Me despierto por la mañana y aprovecho para remolonear. Hoy no hay despertador ni prisa por empezar el día. Abro el ojo, eso sí, con un pensamiento clavado en el lagrimal, como una pestaña caduca que se marchitó cuando dejé el teléfono en la mesilla antes de dormir. Un buenas noches no es suficiente despedida y el parpadeo que dura una noche es demasiado corto como para aliviar la ansiedad de teclear un "te echo de menos" tres minutos después de poner el teléfono en modo "no molestar", rezando por que suene a notificación susurrada en el oído.
Los días de guardar no debería estar permitido pensar. Y aquí estamos, centrifugando sentimientos. Sintiendo y no queriendo, o queriendo sentir y atormentándonos por ello. Lo he vivido tantas veces en tan poco tiempo que ya sé muy poco sobre el dolor y el placer, qué línea más delgada. Se parece a mis brazos huesudos separando mis costillas del mundo. Qué habrá de corazón y qué de realidad.
Me pregunto qué serán estas ganas irrefrenables de lanzarse de cabeza a este suicidio emocional. Igual es un mal moderno, o uno muy antiguo que no se ha descubierto aún; hay cosas contra las que no funciona ninguna lucha ni ninguna magia negra. Puede que las ganas de ser vistos (vistos de verdad, como en un escáner de Rayos X donde no se salvan ni los órganos más salvajes) nos empujen a experimentar lo que jamás creímos aceptar, a oler el queroseno de la estufa que nunca pensamos que encenderíamos, y es que nadie sobrevive a un mar de hielo. Tampoco nadie es una isla a la que aferrarse tras un naufragio, pero esta vez, y aunque el naufragio acontece, la isla fue habitada mucho antes.
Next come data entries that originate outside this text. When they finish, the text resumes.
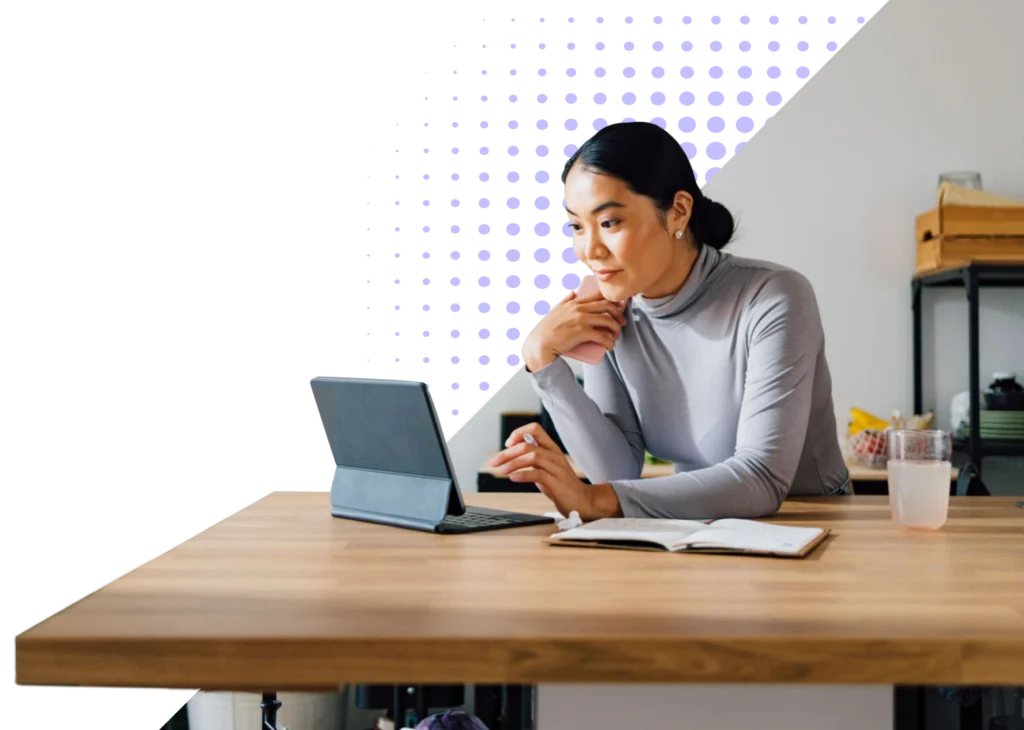 A person works on a laptop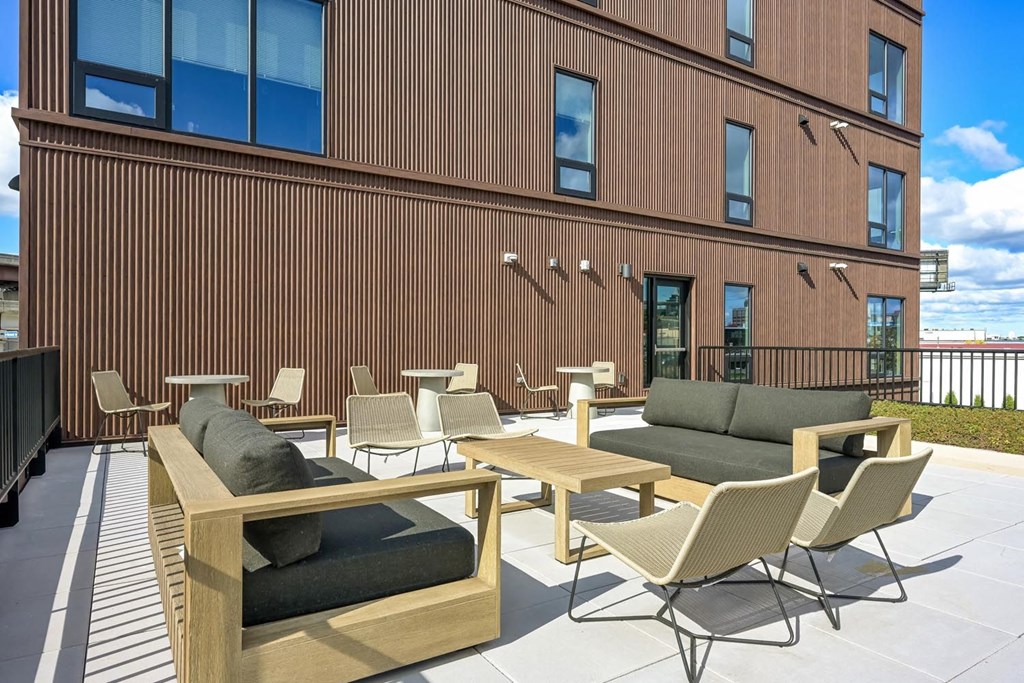 a patio with tables and chairs outside of a building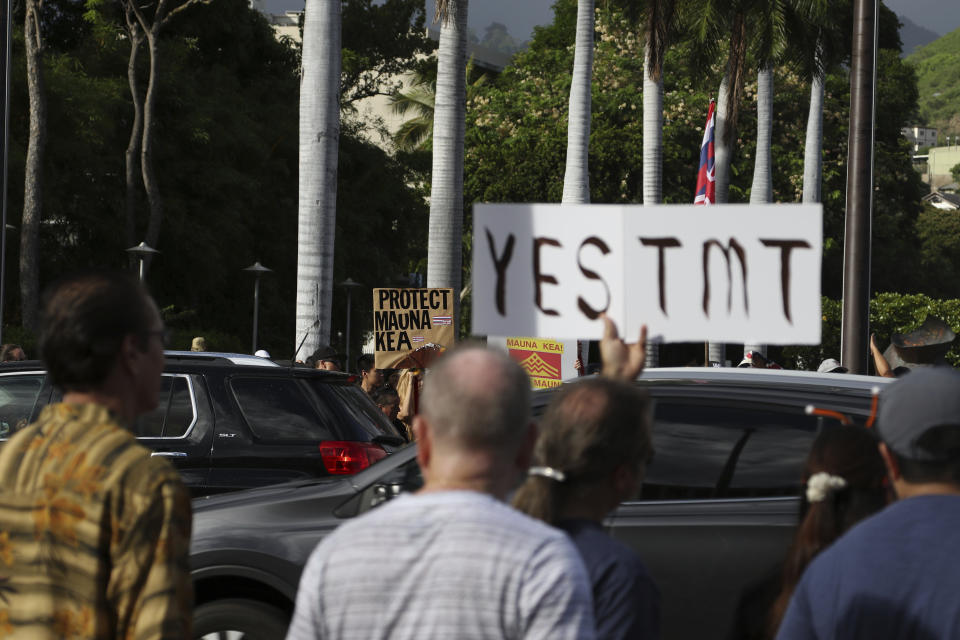 Supporters of the Thirty Meter Telescope, foreground, gather for a rally outside the Hawaii State Capitol in Honolulu on Thursday, July 25, 2019, as opponents of the telescope gather across the street. Supporters said the giant telescope planned for Hawaii's tallest mountain will enhance humanity's knowledge of the universe and bring quality, high-paying jobs, as protesters blocked construction for a second week. (AP Photo/Audrey McAvoy)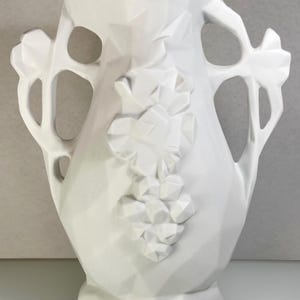 May include: A white ceramic vase with a geometric design. The vase features a grape cluster and leaf motif, with handles on either side. The vase is approximately 30 cm tall.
Me doy la vuelta en la cama en un intento fallido de espabilarme o de volver a dormirme, aún no lo sé. La pantalla del móvil se ilumina y automáticamente el corazón me martillea el pecho, como si hubise estado esperando esa luz una eternidad –toda la noche. De repente tengo unas ganas terribles de abrazar, a mi yo que me mira enmudecida y ojiplática desde un rincón de mi mente, al autor de ese mensaje que aún no sé si es "ese mensaje", a la vida que no sé si se está burlando o haciéndome un regalo. Siento un aluvión de cosas. "Cosas"... Las cosas pueden ir desde una piedra hasta una galaxia, pero esto se parece más a un Big Bang, eso está claro. Y es entonces cuando haces de tripas con razón –ya te cansas de esconder al corazón– y decides que la idea de vivir rápido y morir joven hace mucho que dejó de ser una opción atractiva, que ahora quieres morir de viejo con un cuerpo decrépito de tanto usarlo, de tanto disfrutar lo que la vida le ha ido poniendo por delante sin haberte perdido detalle. Da miedo todo lo que perdemos, pero lo que de verdad importa –las risas que te provoca una persona mientras te mira, mientras te toca, mientras te habla– es lo que permanece con nosotros. Es sólo nuestro de una manera tan íntima que asusta. El tiempo no se llevará eso.
Al final, el fin justifica los miedos. Y dejas de contener el impulso.